Christine Hutchins, a spokesperson for St. Mary’s College, said that the school’s leadership team met with the students Thursday night to “openly share and talk through the student group’s concerns.” Hutchins also said that the students and administrators agreed to work together “create a task force to look into the disclosure of financial investments and address divestment.

“As an institution grounded in its Lasallian Catholic values, we are committed to working together to address this student group’s concerns as a shared responsibility, one step at a time, by creating awareness, education, and positive change at Saint Mary’s,” Hutchins wrote in an email to the Bay Area News Group.

The chapel occupation and hunger strike involved around 20 students and supportive faculty; eight students joined the hunger strike. The students set up a memorial for Palestinian children killed in Gaza since Oct. 7 at the St. John the Baptist De La Salle statue on campus, which they asked the college not to remove.
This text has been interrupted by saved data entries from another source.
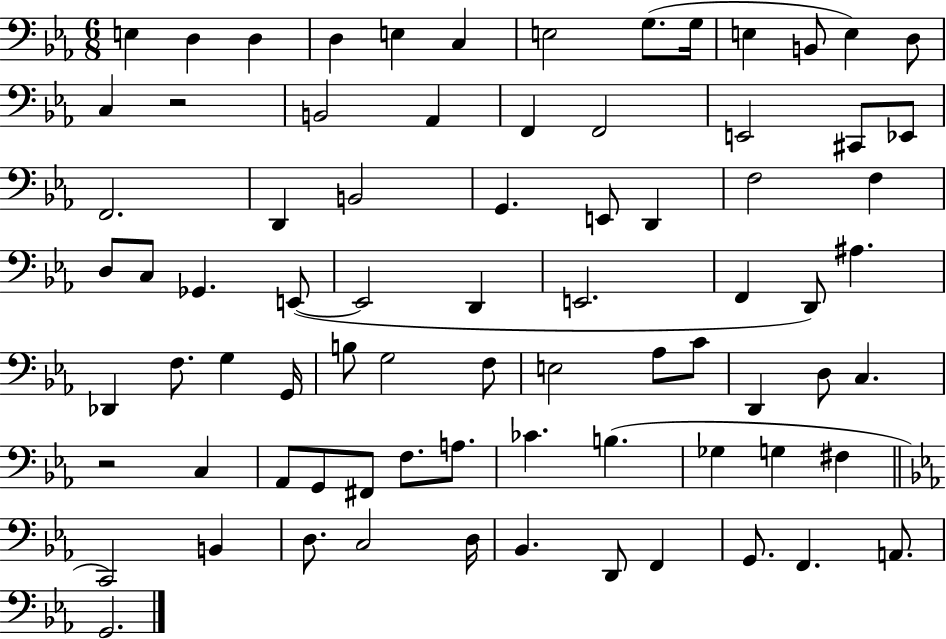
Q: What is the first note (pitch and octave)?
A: E3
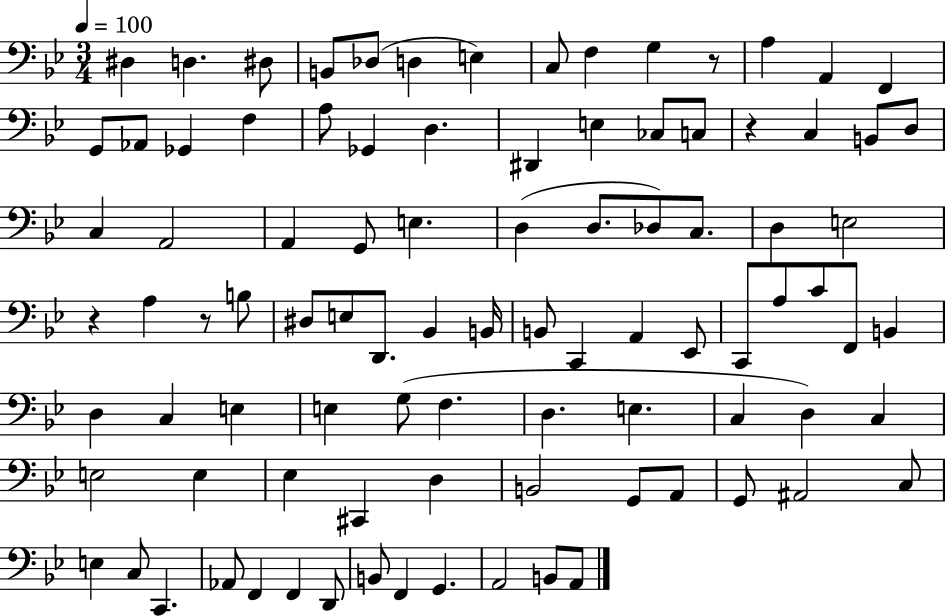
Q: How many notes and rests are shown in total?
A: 93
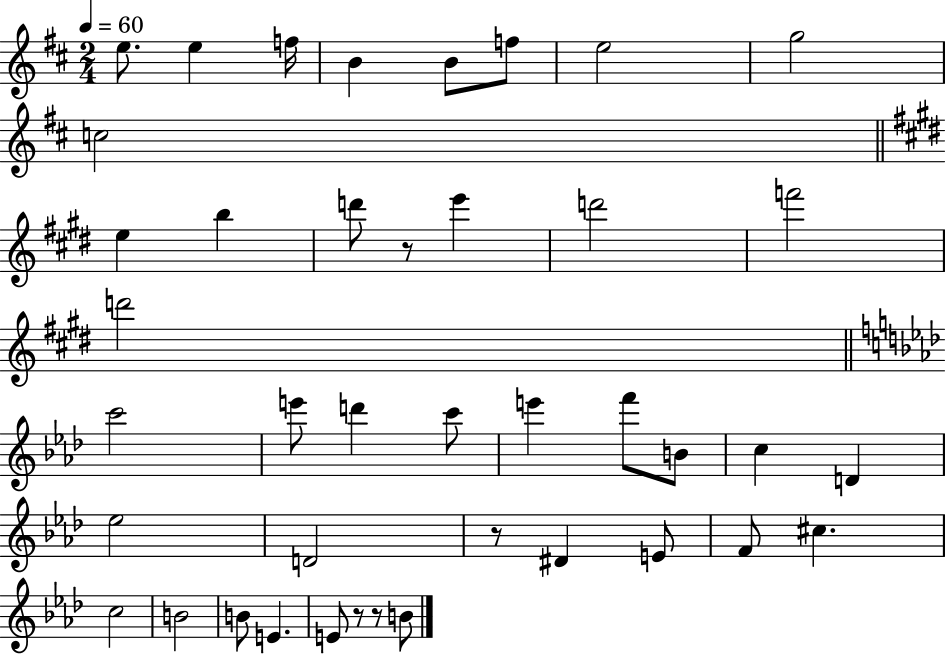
X:1
T:Untitled
M:2/4
L:1/4
K:D
e/2 e f/4 B B/2 f/2 e2 g2 c2 e b d'/2 z/2 e' d'2 f'2 d'2 c'2 e'/2 d' c'/2 e' f'/2 B/2 c D _e2 D2 z/2 ^D E/2 F/2 ^c c2 B2 B/2 E E/2 z/2 z/2 B/2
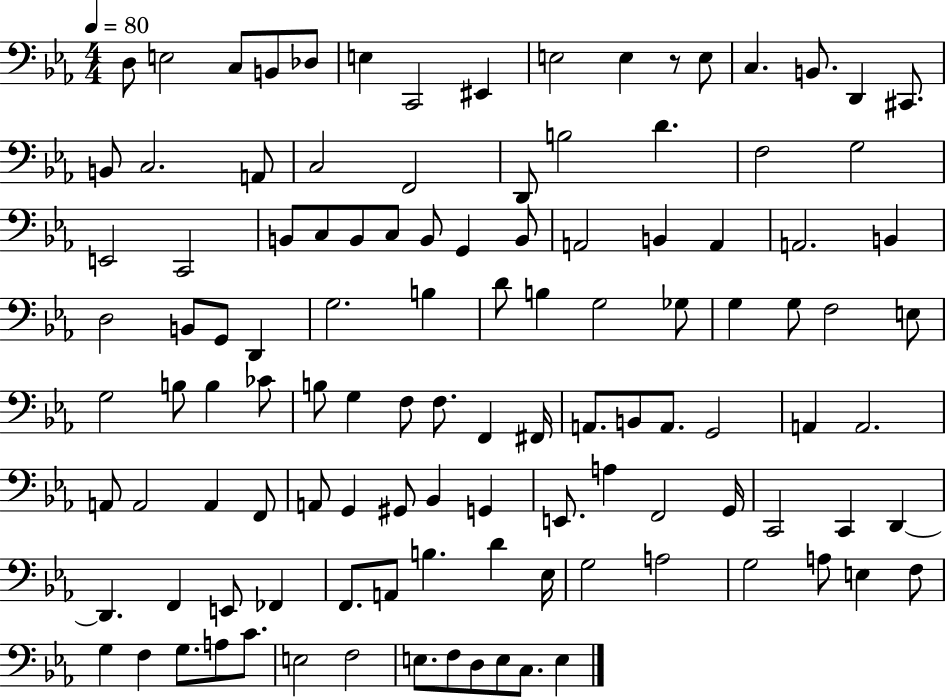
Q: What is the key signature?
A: EES major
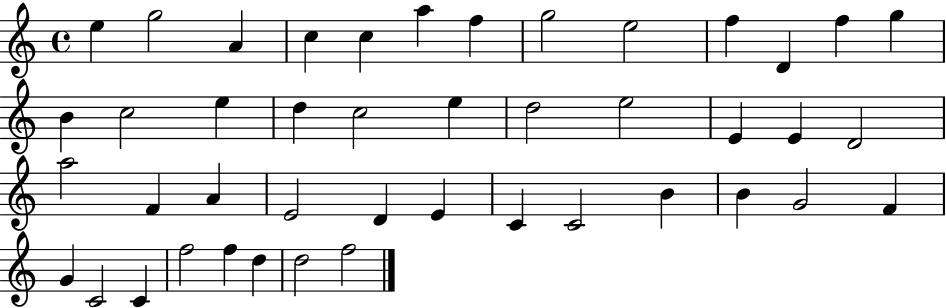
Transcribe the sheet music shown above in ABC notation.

X:1
T:Untitled
M:4/4
L:1/4
K:C
e g2 A c c a f g2 e2 f D f g B c2 e d c2 e d2 e2 E E D2 a2 F A E2 D E C C2 B B G2 F G C2 C f2 f d d2 f2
The students and administrators agreed on Thursday night that they would work together to find another way to memorialize children killed in the conflict and create awareness, Hutchins said.
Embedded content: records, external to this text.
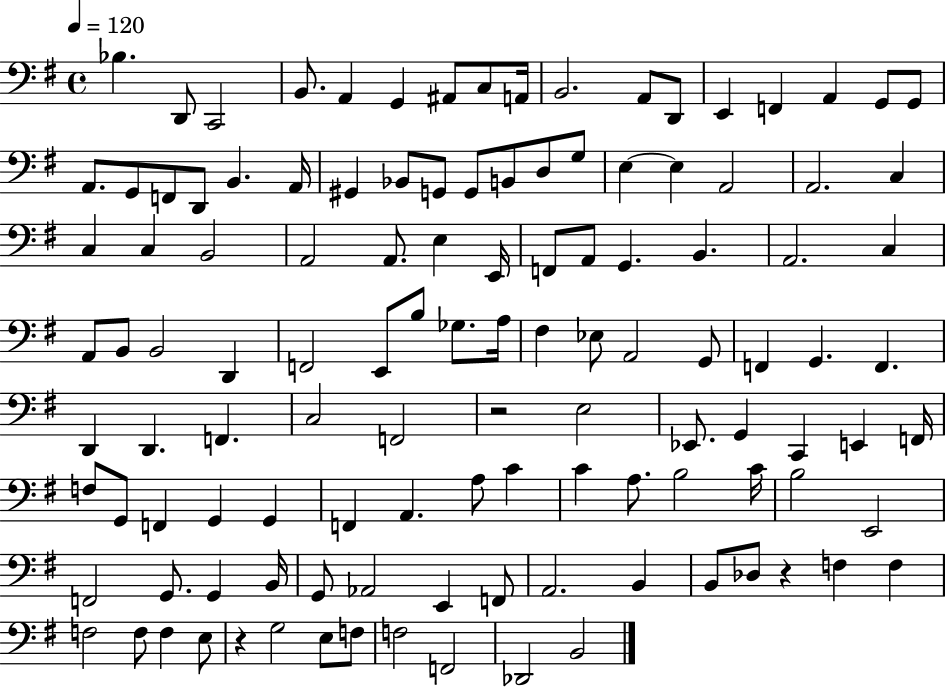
X:1
T:Untitled
M:4/4
L:1/4
K:G
_B, D,,/2 C,,2 B,,/2 A,, G,, ^A,,/2 C,/2 A,,/4 B,,2 A,,/2 D,,/2 E,, F,, A,, G,,/2 G,,/2 A,,/2 G,,/2 F,,/2 D,,/2 B,, A,,/4 ^G,, _B,,/2 G,,/2 G,,/2 B,,/2 D,/2 G,/2 E, E, A,,2 A,,2 C, C, C, B,,2 A,,2 A,,/2 E, E,,/4 F,,/2 A,,/2 G,, B,, A,,2 C, A,,/2 B,,/2 B,,2 D,, F,,2 E,,/2 B,/2 _G,/2 A,/4 ^F, _E,/2 A,,2 G,,/2 F,, G,, F,, D,, D,, F,, C,2 F,,2 z2 E,2 _E,,/2 G,, C,, E,, F,,/4 F,/2 G,,/2 F,, G,, G,, F,, A,, A,/2 C C A,/2 B,2 C/4 B,2 E,,2 F,,2 G,,/2 G,, B,,/4 G,,/2 _A,,2 E,, F,,/2 A,,2 B,, B,,/2 _D,/2 z F, F, F,2 F,/2 F, E,/2 z G,2 E,/2 F,/2 F,2 F,,2 _D,,2 B,,2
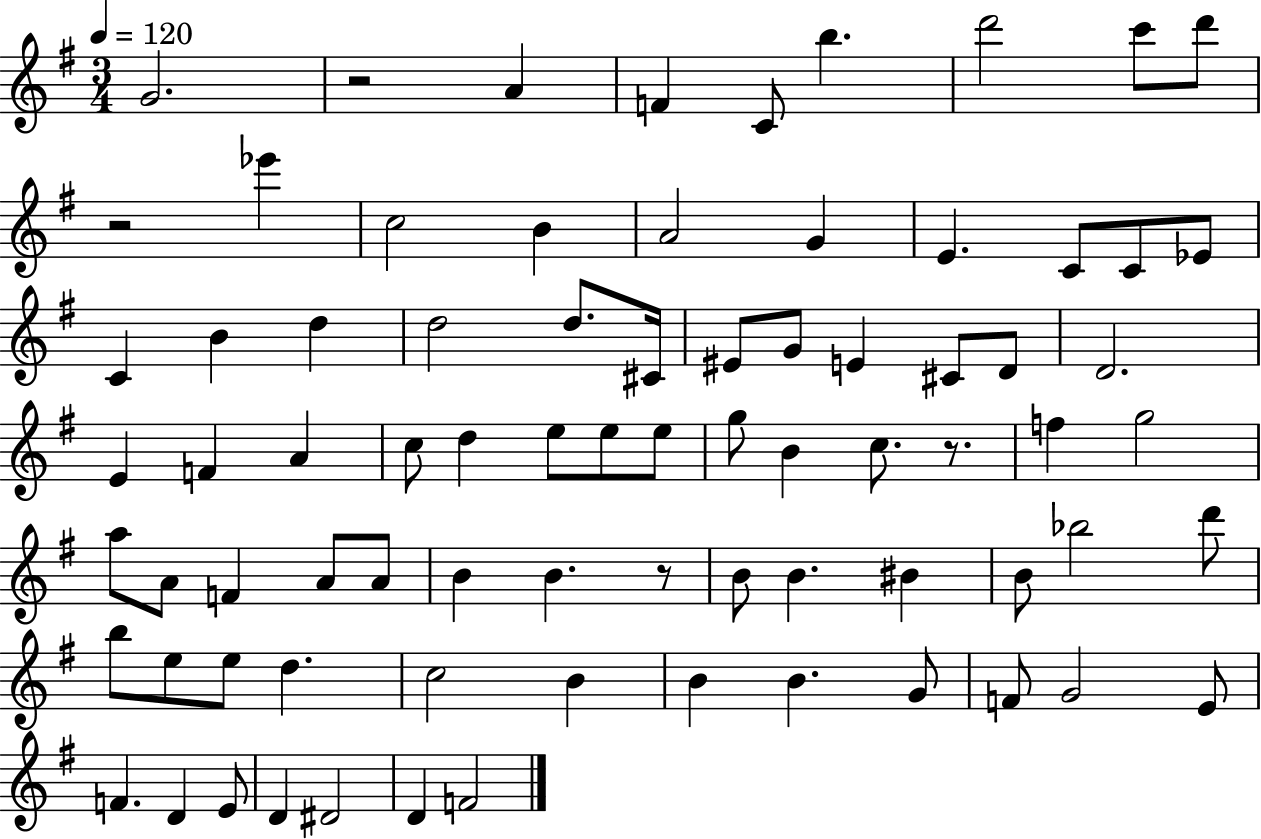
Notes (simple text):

G4/h. R/h A4/q F4/q C4/e B5/q. D6/h C6/e D6/e R/h Eb6/q C5/h B4/q A4/h G4/q E4/q. C4/e C4/e Eb4/e C4/q B4/q D5/q D5/h D5/e. C#4/s EIS4/e G4/e E4/q C#4/e D4/e D4/h. E4/q F4/q A4/q C5/e D5/q E5/e E5/e E5/e G5/e B4/q C5/e. R/e. F5/q G5/h A5/e A4/e F4/q A4/e A4/e B4/q B4/q. R/e B4/e B4/q. BIS4/q B4/e Bb5/h D6/e B5/e E5/e E5/e D5/q. C5/h B4/q B4/q B4/q. G4/e F4/e G4/h E4/e F4/q. D4/q E4/e D4/q D#4/h D4/q F4/h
The school also agreed to work with students to establish a task force examining more financial disclosure of school investments and “address” the question of divestment from company supporting Israel and its war effort.

Kylie Gutierrez, a fourth-year digital media student and co-organizer with the organization, said before the resolution that they participated in the hunger strike after students’ calls for change were met with little to no response from the college.